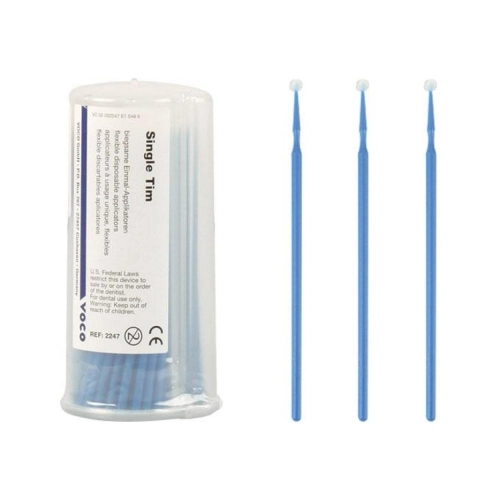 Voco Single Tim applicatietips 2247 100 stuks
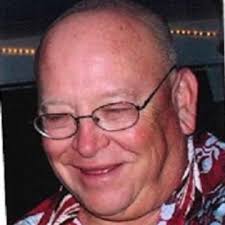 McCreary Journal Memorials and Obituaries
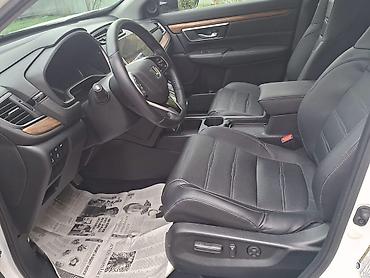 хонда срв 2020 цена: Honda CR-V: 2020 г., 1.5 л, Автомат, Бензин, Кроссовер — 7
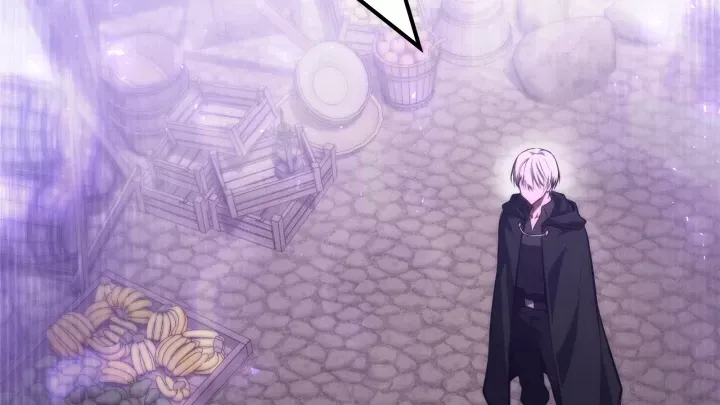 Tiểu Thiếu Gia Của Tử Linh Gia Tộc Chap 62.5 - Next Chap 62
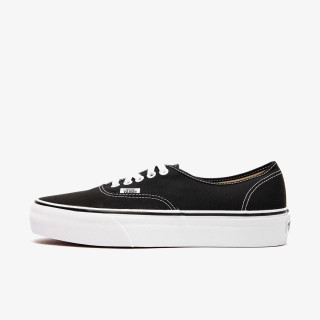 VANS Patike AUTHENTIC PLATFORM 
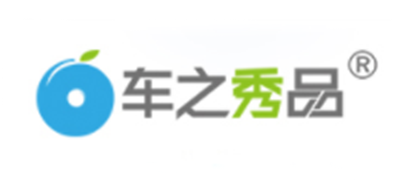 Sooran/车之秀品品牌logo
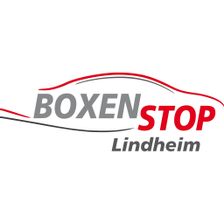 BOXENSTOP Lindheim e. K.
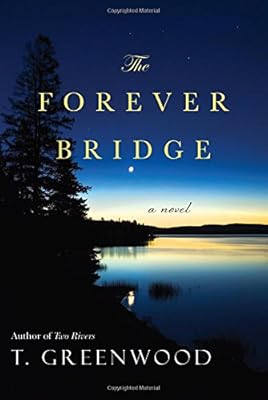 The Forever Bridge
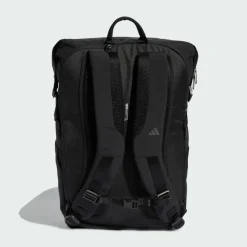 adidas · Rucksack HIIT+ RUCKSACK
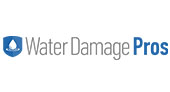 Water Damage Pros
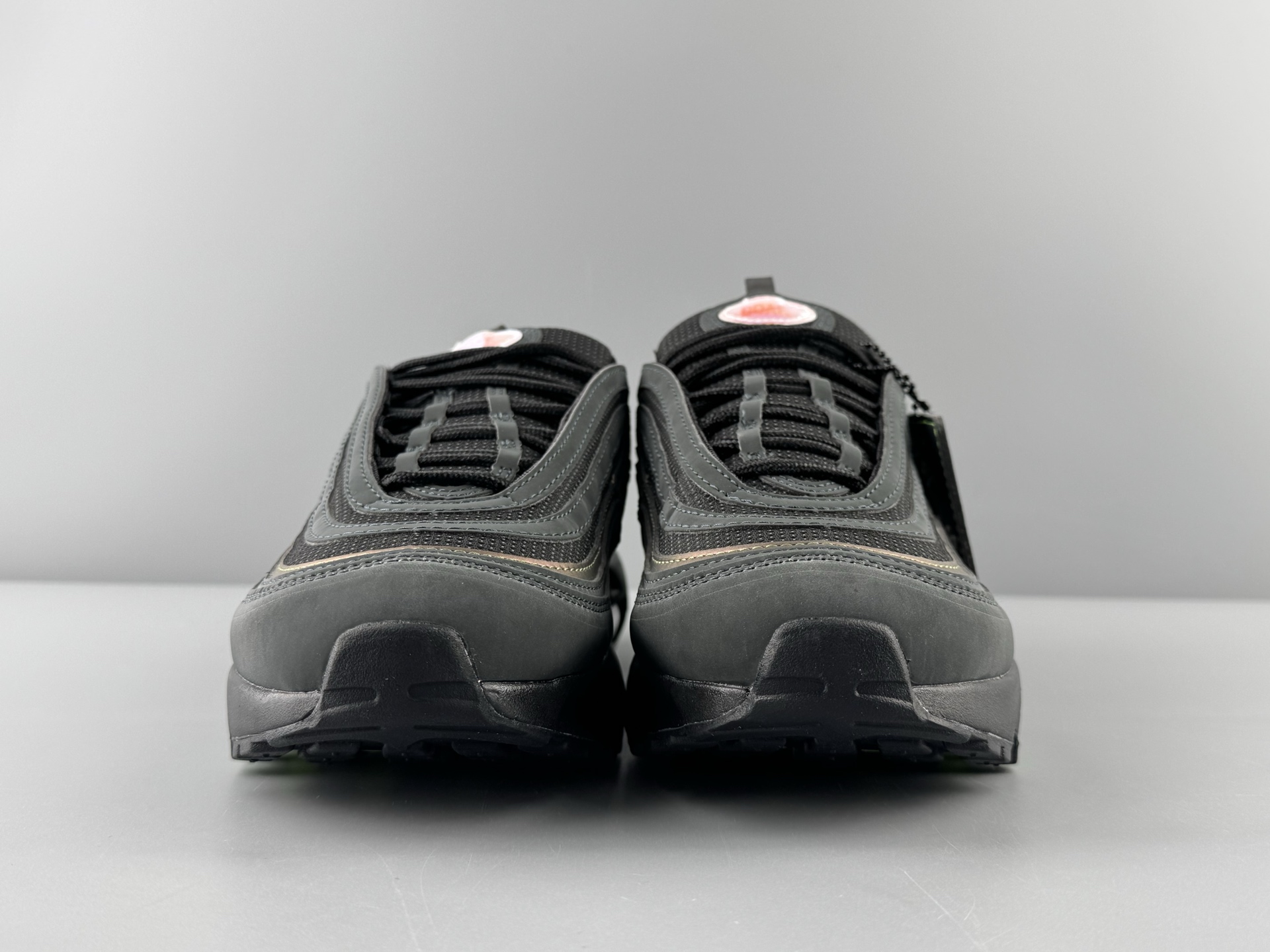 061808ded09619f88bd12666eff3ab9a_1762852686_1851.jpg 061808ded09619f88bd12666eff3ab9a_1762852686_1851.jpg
--
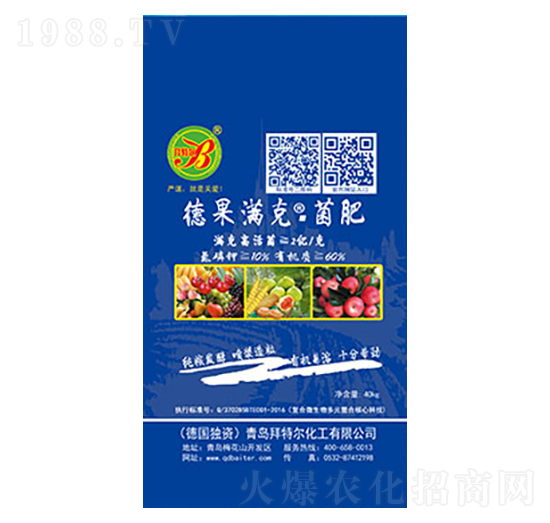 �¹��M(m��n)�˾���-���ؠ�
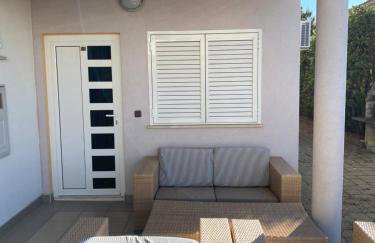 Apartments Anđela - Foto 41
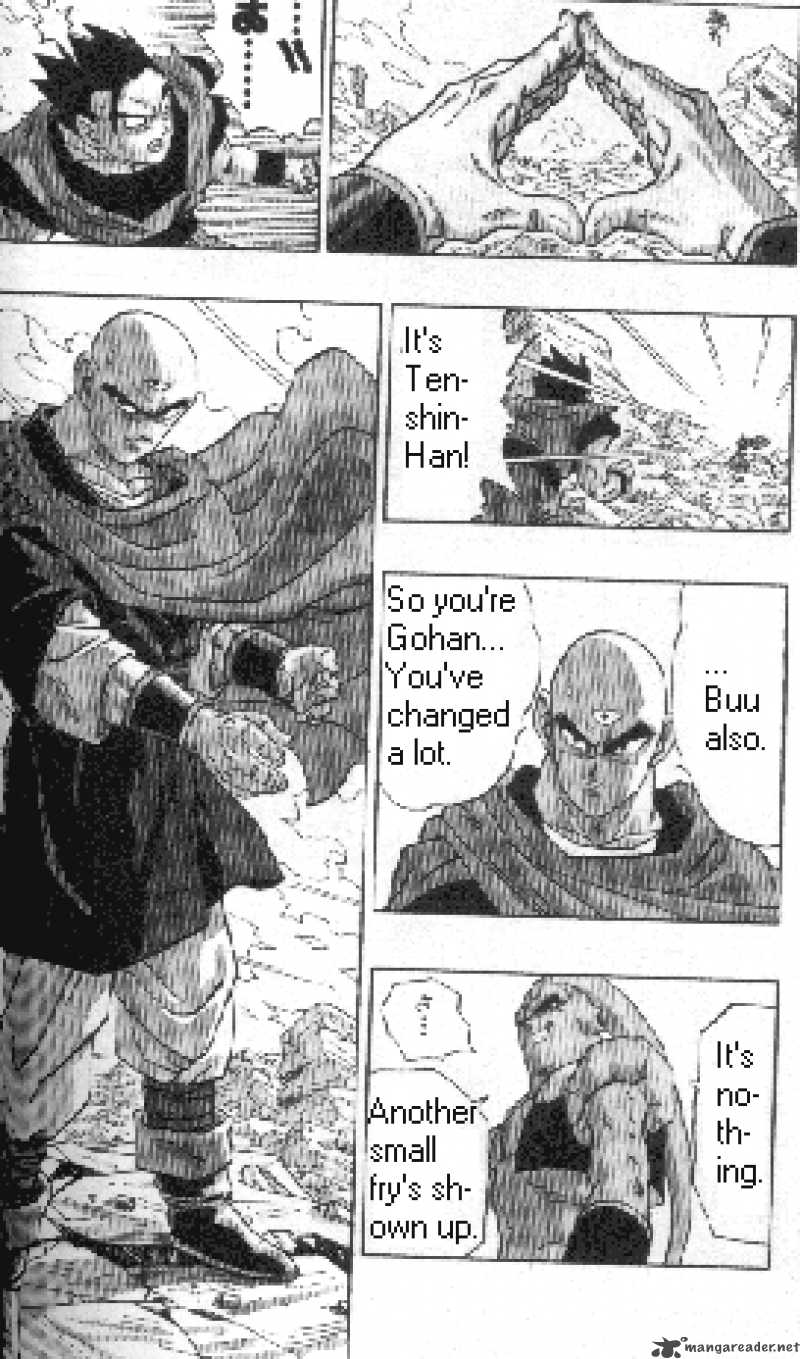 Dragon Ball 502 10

Problem details
Reproduce, exactly and only, the lines of the records above starting at the line with "хонда срв 2020" and ending at the line with "The Forever Bridge", both included. Leave every picture out.

Result of this task
 хонда срв 2020 цена: Honda CR-V: 2020 г., 1.5 л, Автомат, Бензин, Кроссовер — 7
 Tiểu Thiếu Gia Của Tử Linh Gia Tộc Chap 62.5 - Next Chap 62
 VANS Patike AUTHENTIC PLATFORM 
 Sooran/车之秀品品牌logo
 BOXENSTOP Lindheim e. K.
 The Forever Bridge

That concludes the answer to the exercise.